Spieth looking to find form, repeat at The Open
To repeat as Champion Golfer of the Year is a tall order, and if Jordan Spieth is to accomplish the task in 2018, he must regain a form that has been missing most of this season.
Spieth comes to Carnoustie fresh after taking some time off to regroup. It was time well needed. Following a third-place finish at the Masters, which included serious fireworks en route to a 64 on Sunday, his game went flat, with lowlights including missed cuts at the Memorial and U.S. Open.
After finishing 42nd on June 24th at the Travelers Championship, Spieth put the clubs away to hit the reset button.
"I needed a break," said Spieth, on hand Monday at Carnoustie to return the Claret Jug. "I was kind of dragging along, playing cut-line golf for awhile, and playing a pretty heavy schedule."
Spieth used the break to visit Seattle and attend his sister's cheerleading competition in the Special Olympics.
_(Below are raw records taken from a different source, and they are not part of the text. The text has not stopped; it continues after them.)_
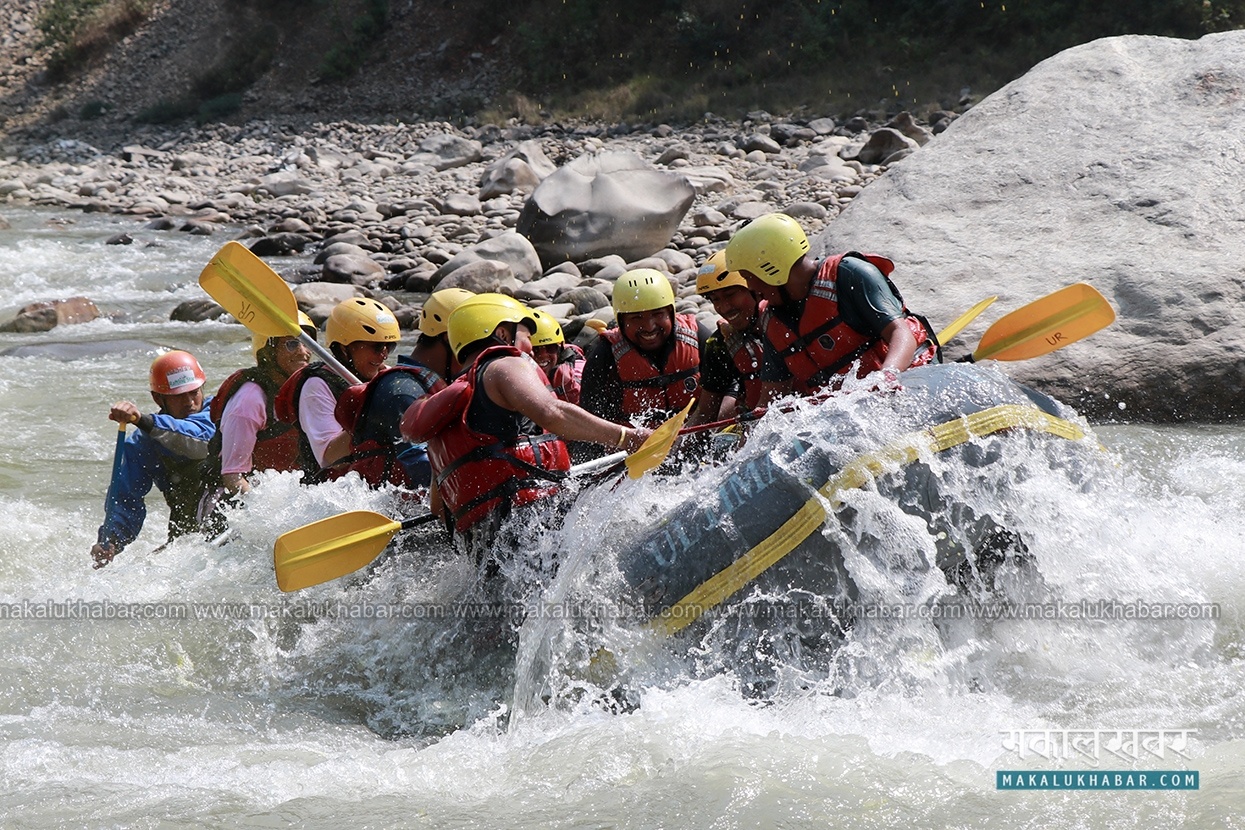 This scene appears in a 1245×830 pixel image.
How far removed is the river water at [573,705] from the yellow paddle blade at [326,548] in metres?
0.41

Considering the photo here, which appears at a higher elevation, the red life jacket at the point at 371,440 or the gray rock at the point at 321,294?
the red life jacket at the point at 371,440

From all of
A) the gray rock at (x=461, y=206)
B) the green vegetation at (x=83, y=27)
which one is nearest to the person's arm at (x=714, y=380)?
the gray rock at (x=461, y=206)

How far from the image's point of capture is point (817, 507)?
4000 millimetres

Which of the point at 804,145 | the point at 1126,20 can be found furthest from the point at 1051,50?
the point at 804,145

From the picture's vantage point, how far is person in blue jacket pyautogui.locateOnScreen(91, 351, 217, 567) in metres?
5.55

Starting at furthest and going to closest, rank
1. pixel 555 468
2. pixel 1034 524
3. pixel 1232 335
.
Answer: pixel 1232 335 < pixel 555 468 < pixel 1034 524

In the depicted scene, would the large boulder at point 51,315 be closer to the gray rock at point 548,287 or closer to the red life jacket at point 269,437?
→ the gray rock at point 548,287

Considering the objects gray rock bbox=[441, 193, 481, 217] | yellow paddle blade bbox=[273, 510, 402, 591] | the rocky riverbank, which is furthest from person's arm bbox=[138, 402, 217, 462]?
gray rock bbox=[441, 193, 481, 217]

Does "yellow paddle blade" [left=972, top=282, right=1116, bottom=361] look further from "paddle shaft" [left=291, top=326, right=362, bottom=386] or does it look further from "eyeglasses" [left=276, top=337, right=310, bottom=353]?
"eyeglasses" [left=276, top=337, right=310, bottom=353]

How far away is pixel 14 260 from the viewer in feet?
49.6

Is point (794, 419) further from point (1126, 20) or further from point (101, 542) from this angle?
point (1126, 20)

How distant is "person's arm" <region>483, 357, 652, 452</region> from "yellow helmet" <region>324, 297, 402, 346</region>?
1.27 metres

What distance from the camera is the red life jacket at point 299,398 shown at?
17.5 ft

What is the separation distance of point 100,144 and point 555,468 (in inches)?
1050
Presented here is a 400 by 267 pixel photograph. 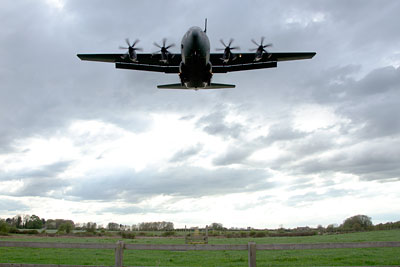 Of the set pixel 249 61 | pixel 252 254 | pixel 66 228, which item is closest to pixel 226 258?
pixel 252 254

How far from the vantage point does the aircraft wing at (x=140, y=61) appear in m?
24.9

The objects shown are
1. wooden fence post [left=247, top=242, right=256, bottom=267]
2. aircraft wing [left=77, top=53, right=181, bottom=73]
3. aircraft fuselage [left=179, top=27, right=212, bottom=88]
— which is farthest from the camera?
aircraft wing [left=77, top=53, right=181, bottom=73]

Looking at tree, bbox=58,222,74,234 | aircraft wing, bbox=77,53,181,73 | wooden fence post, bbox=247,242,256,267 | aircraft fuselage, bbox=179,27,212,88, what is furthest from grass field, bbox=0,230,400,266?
tree, bbox=58,222,74,234

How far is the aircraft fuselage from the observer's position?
18.4 meters

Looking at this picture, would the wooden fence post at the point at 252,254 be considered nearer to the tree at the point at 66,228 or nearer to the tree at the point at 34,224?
the tree at the point at 66,228

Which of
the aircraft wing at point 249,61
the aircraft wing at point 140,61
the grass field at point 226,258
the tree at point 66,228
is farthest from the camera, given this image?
the tree at point 66,228

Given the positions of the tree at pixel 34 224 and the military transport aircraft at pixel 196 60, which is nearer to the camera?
the military transport aircraft at pixel 196 60

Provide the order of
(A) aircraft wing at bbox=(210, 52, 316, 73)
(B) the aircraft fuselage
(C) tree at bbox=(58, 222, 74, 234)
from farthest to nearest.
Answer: (C) tree at bbox=(58, 222, 74, 234)
(A) aircraft wing at bbox=(210, 52, 316, 73)
(B) the aircraft fuselage

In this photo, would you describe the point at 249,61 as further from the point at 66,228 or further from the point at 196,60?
the point at 66,228

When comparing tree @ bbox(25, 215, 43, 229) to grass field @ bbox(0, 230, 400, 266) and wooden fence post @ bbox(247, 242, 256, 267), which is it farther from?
wooden fence post @ bbox(247, 242, 256, 267)

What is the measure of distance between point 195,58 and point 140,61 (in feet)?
29.3

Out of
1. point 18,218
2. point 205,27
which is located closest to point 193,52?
point 205,27

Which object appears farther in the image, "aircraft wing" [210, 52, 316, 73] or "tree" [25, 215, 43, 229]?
"tree" [25, 215, 43, 229]

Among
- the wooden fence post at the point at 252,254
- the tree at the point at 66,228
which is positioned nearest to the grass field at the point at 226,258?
the wooden fence post at the point at 252,254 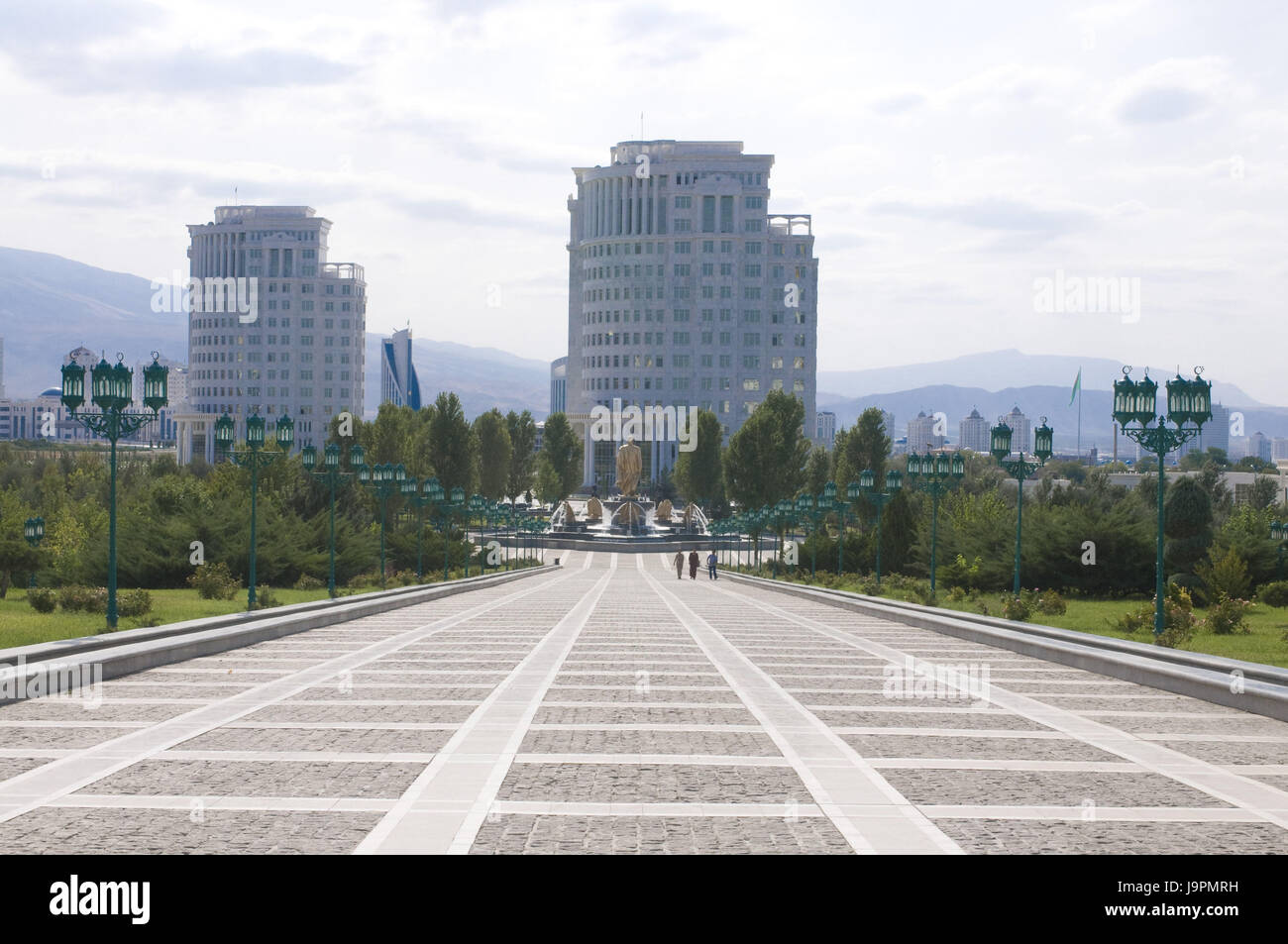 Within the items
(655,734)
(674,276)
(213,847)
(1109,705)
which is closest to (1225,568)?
(1109,705)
The time in the Pacific Northwest also allowed him to visit the site of his 2015 U.S. Open victory, Chambers Bay, and feel the vibes of his triumph by walking up the 18th fairway with caddie Michael Greller. Time spent in Cabo San Lucas, Mexico, included some social golf, but he didn't get back to seriously looking at his game until he was back at home last week.
Spieth used the practice time to find his swing, in particular getting back to a natural setup. He feels the unique style of links golf is just what he needs to get back to playing with feel.
"I'd gotten very technical and very into making everything perfect instead of the way that I normally play,” he said.
"This week kind of provides that opportunity where you don't know how far the ball is necessarily going off the tee. You need to play to the spots and then you have to use your imagination from there. Hold the ball, ride the wind. A lot of different scenarios."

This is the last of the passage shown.